The profit growth of the first two industries in the 6-8 months was 58.5% and 75.8% respectively.

Further, with regard to various sub sectors of pport equipment manufacturing, the recent profit margins of shipbuilding and floating device manufacturing and aerospace manufacturing industry have increased significantly, and the former has an obvious upward trend.

Three is the industry with profit margins rising sharply from the bottom.
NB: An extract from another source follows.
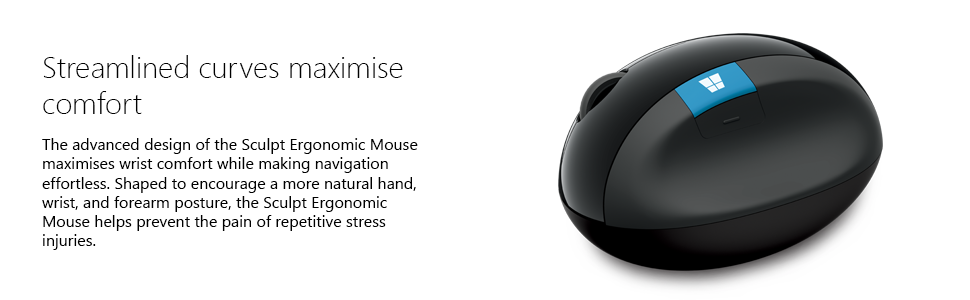 Microsoft Sculpt Ergonomic Mouse: Amazon.co.uk: Computers & Accessories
The continued rise in profit margins means that the profitability of these industries is improving and therefore deserves attention.

This is mainly the smelting and calendering processing of non-ferrous metals.

Four, profit margins remained stable.

It includes coal mining and washing; oil and natural gas extraction; beverage manufacturing; textile and clothing, shoes and hat manufacturing; printing and recording media; rubber products; plastic products; instrumentation and culture, office machinery manufacturing.

(five) the profit rate has continued or declined significantly, including furniture manufacturing, chemical raw materials and chemical products manufacturing, ferrous metal smelting and calendering processing, metal products industry, power and thermal production and supply, chemical fiber manufacturing.